What point have we reached when news agencies start reporting on internet memes?
I just hope the kid's getting royalties off the T-shirts. Pay for college. Learn more words.
Well, I'm glad I didn't turn it up where my co-workers could hear - they think I'm weird enough. But now I just appear to be laughing for no reason.
Happily, I discovered it early enough in the day that we could all crack up.Now I just periodically fire off a couple of rounds at random, now and again.
Hey, the kid could become a pro golfer some day."Tiger, how do you assess today's tournament, in light of your last performance, the weather, and the world situation?""Course looks good."Or even President of the United States."Governor Bush, the polls are very close at this point.
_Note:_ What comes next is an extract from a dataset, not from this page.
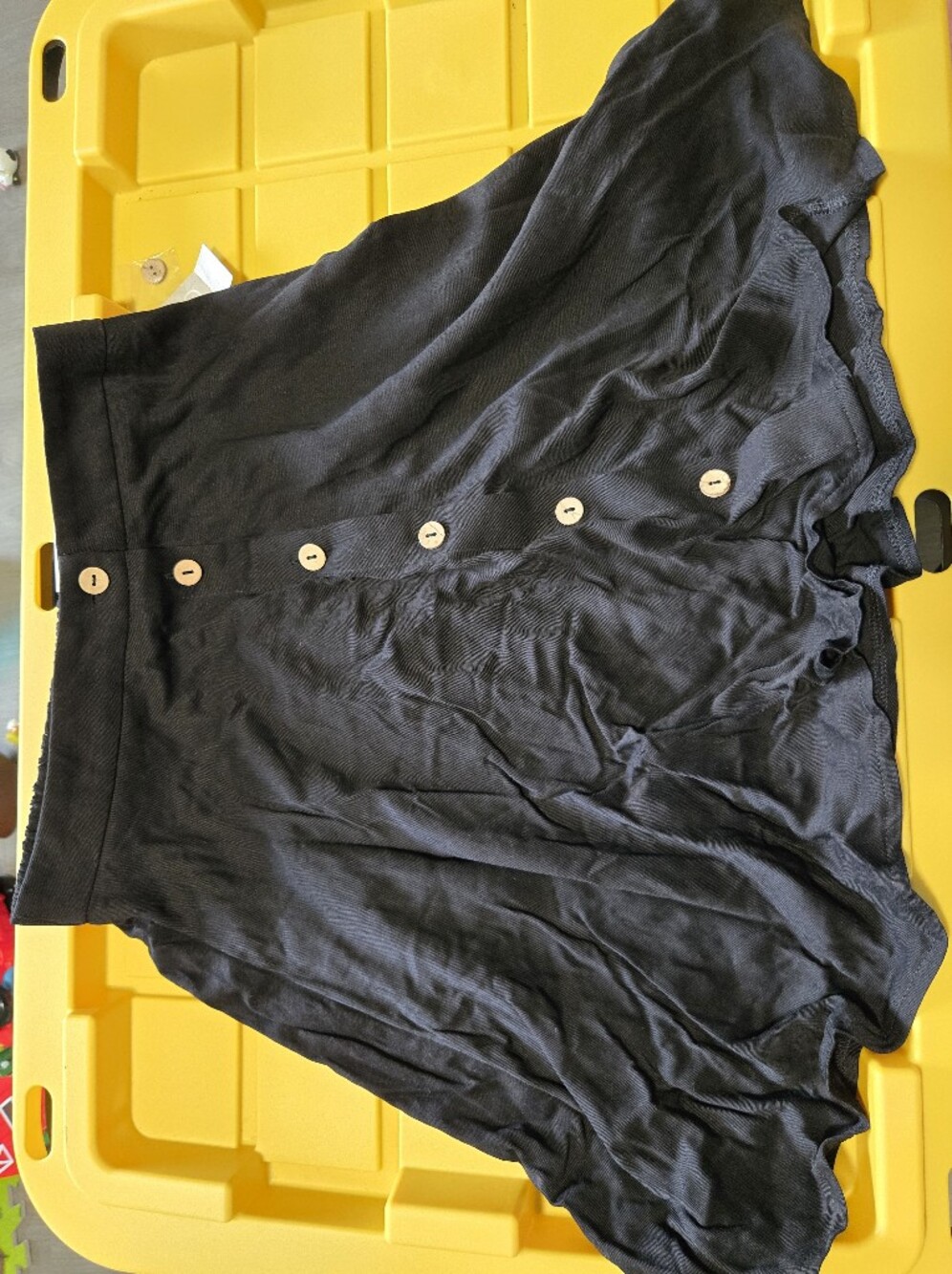 Maurices Black Button-Front Skirt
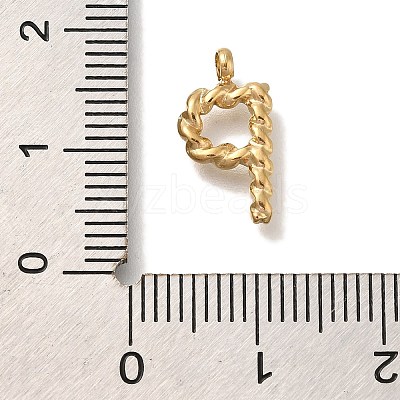PVD Vacuum Plating 304 Stainless Steel Pendants STAS-S148-28G-P-1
What do you have to say about how Tuesday's voting will go, in comparison with the neck-and-neck results of the latest poll results, and do you think the latest debate will change things significantly?""I like my chances."
I just hope the kid's getting royalties off the T-shirts. Pay for college. Learn more words.I'm sure I heard more than one senior thesis presentation in college that boiled down to basically "I like turtles".
If I were a mixer-genius, I'd have the kid say "I like Wilhelm," and top it with (what else?) a Wilhelm.
I take it for what it's worth. Funny. Remember Art Linkletter's show "Kids Say The Darndest Things." If you can find some of those old shows on DVD, give 'em a watch and you'll find that Jonathan isn't alone. He's pretty typical for a 10-year-old.